11.3.23

100 canciones / 11 / So what, Miles Davis, 1959


 

La niña (hay dos) mira quién toca el piano, quién la batería. Tal vez no tenga las herramientas que descerrajen las palabras y se comprendan. Las palabras son oscuras y temibles cuando no se sabe leer. Pueden encerrar monstruos. La portada no es la alegría de la huerta: una cara negra en un fondo negro, los ojos entornados. Carece de los colores con los que suele entretenerse, toda esa sublime opulencia de las cosas cuando se las mira con los ojos del asombro o los de la fascinación. Más que otra cosa, en la espléndida portada a ojos adultos, se aprecia la negrura, desmentida por el metal de la trompeta, bien embocada. No se sabe en qué momento se produce el resplandor de la belleza ni cómo se adentra y ocupa lo que antes era un erial o un hueco triste o solo. El disco que gira en el plato, girando, le estará produciendo una zozobra dulce y áspera al tiempo. También con la edad se percibe esa ambivalencia: lo dulce y lo áspero, el candor y la violencia. La belleza no tiene un patrón, carece de nomenclaturas, no se aviene al discurso de las palabras, las esquiva, se prefiere en lo inefable, en el estupor, en la ensoñación. La niña se está dejando conmover, aunque se arredra, no hay nada en la melodía que la haga entusiasmarse, entender que se está divirtiendo o no entenderlo en absoluto, pero feliz por ese cosquilleo en la boca del estómago y esa sonrisa levísima con la que agradecemos la restitución de la dicha. Hay una especie de contención voluntaria. Miles Davis la trompeta, Cannonbal Adderley en el saxo alto, John Coltrane en el tenor, Wynton Kelly y Bill Evans en el piano, Paul Chambers al contrabajo y Jimmy Cobb a la batería obran el milagro. Siguen deslumbrando. No importa la edad. Se precisa que esté el ánimo abierto, las orejas de par en par postradas al aire, el corazón ensimismado, el alma sensible. Nada que no tenga una niña. Nada que le haga falta tan pronto, por otra parte, pero qué prodigio que ese tumulto de sonidos la engolosine, la haga salir de su caparazón y echar a volar. La música echa a volar a quien la escucha. Estará sonando mi pieza favorita del jazz, lo cual es mucho: So what. 
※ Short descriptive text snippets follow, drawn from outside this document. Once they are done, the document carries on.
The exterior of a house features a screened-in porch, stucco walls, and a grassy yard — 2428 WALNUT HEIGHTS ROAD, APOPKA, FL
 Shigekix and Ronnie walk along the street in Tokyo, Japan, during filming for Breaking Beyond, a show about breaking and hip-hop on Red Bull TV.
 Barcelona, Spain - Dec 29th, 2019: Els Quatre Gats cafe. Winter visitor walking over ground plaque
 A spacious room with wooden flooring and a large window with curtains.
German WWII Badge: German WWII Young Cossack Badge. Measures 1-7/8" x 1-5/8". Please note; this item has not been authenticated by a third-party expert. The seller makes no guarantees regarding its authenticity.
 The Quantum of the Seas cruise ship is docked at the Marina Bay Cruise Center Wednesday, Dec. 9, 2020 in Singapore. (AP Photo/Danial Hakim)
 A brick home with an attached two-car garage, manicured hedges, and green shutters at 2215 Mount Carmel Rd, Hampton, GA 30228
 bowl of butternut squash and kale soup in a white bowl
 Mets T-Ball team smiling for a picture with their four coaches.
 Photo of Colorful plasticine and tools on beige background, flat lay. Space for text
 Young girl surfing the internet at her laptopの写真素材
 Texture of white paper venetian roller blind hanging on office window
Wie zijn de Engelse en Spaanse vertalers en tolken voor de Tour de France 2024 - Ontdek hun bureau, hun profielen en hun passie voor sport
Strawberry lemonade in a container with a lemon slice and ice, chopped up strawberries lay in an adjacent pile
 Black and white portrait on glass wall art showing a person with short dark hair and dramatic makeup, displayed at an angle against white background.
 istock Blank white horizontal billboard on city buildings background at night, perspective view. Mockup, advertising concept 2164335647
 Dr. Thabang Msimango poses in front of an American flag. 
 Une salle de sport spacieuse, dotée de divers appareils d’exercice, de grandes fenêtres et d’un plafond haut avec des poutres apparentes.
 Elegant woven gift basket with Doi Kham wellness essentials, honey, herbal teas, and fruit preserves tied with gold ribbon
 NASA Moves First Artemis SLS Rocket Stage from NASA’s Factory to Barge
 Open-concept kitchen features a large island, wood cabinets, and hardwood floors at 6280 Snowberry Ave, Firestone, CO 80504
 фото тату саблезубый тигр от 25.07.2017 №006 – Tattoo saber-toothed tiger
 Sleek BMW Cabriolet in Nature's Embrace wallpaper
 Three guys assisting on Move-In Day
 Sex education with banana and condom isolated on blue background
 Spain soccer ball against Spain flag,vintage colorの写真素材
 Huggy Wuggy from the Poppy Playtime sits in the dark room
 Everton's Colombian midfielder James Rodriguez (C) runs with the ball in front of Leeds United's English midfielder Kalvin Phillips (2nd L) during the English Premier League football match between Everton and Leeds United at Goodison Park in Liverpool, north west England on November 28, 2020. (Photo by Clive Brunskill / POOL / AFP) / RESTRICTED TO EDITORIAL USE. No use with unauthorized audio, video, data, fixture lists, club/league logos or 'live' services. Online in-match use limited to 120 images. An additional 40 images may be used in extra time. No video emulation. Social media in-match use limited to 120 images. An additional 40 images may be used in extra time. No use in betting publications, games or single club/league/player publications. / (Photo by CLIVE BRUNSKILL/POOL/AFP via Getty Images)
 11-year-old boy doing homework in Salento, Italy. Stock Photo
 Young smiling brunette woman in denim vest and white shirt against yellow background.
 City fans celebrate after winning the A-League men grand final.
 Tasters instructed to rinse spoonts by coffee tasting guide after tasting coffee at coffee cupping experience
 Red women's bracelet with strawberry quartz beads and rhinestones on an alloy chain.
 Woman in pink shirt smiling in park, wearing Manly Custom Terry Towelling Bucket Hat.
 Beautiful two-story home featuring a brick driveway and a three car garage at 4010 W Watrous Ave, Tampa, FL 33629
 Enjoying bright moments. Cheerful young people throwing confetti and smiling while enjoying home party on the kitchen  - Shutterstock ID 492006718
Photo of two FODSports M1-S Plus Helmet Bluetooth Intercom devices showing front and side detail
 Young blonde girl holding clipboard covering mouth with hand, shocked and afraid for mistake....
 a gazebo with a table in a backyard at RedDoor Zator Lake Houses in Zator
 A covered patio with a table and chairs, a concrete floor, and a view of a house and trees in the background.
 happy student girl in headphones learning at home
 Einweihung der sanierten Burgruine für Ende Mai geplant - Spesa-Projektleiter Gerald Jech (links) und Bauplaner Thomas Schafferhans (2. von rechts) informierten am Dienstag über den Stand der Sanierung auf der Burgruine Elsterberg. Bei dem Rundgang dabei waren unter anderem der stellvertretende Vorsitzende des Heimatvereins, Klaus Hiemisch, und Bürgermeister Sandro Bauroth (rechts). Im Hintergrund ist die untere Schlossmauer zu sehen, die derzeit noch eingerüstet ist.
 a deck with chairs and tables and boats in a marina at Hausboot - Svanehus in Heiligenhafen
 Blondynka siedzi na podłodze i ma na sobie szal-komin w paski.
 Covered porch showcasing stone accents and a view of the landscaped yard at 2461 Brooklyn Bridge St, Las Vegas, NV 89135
El hecho de que haya días en los que no oiga ni una sola nota de Miles Davis no incomoda mi absoluta rendición a su genio, no modifica la certidumbre de que está a mi lado, atento a que le llame. Este obrero estajanovista de mirada perdida y apasionados diálogos con su alma a través de la trompeta hizo cientos de discos, se hizo acompañar de cientos de sidemen e influyó a cientos de músicos que influyeron a cientos de músicos. Una especie de facebook sin números binarios de por medio. Él anduvo siempre arriba, presidiendo la comunidad del jazz como llave para abrir la nueva sensibilidad del ciudadano moderno. Porque el jazz es la música clásica de nuestros tiempos igual que antaño el Barroco lo fue en los suyos. Escribir sobre Miles Davis es un placer: uno no necesita acudir a otro sitio que no sea el corazón y es ese músculo el que consiente las palabras y da la medida exacta del amor que se puede profesar por un músico.

Es cierto que hoy no he escuchado a Miles Davis, pero sé que no tardaré mucho. Tal vez mañana cargue mi bendito Ipod con A Kind of blue, el mejor disco de la Historia, (So What, Freddie Freeloader, Blue In Green, All Blues y Flamenco Sketches), y escuche So what, los ocho minutos más maravillosos que este cronista de sus vicios haya escuchado. Haré todo eso y me perderé como suelo en la perfección. Existe. Dura poco más de nueve minutos. Es una catedral acústica. Una catedral dentro de otra. Como una Matrioska de sonidos. Escribo de nuevo. Escucho de nuevo. Buen sábado.